**Task objective**
Without the pictures, set down everything in the listing exactly.

=== Recorded information ===

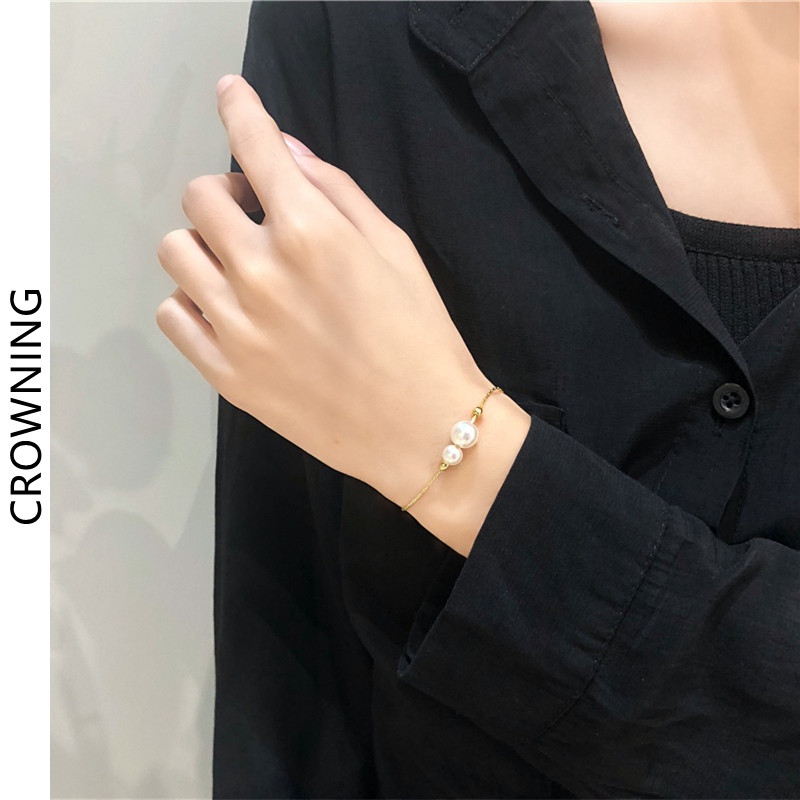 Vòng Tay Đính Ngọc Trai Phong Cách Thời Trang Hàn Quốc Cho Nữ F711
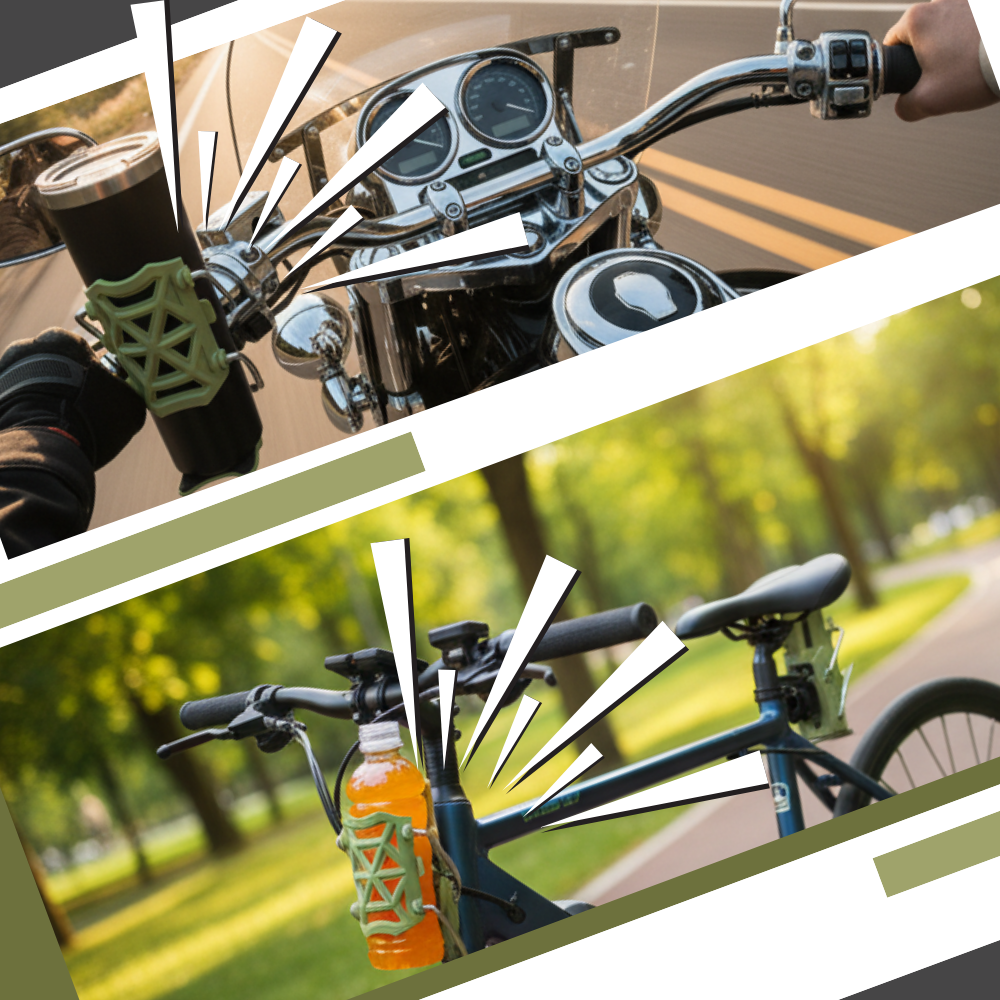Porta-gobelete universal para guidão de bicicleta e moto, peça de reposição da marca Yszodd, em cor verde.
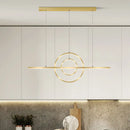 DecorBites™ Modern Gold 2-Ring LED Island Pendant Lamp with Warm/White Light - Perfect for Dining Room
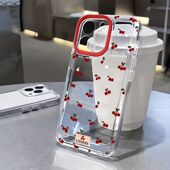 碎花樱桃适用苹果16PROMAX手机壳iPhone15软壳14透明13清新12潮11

===

**Finished task**
 Vòng Tay Đính Ngọc Trai Phong Cách Thời Trang Hàn Quốc Cho Nữ F711
Porta-gobelete universal para guidão de bicicleta e moto, peça de reposição da marca Yszodd, em cor verde.
 DecorBites™ Modern Gold 2-Ring LED Island Pendant Lamp with Warm/White Light - Perfect for Dining Room
 碎花樱桃适用苹果16PROMAX手机壳iPhone15软壳14透明13清新12潮11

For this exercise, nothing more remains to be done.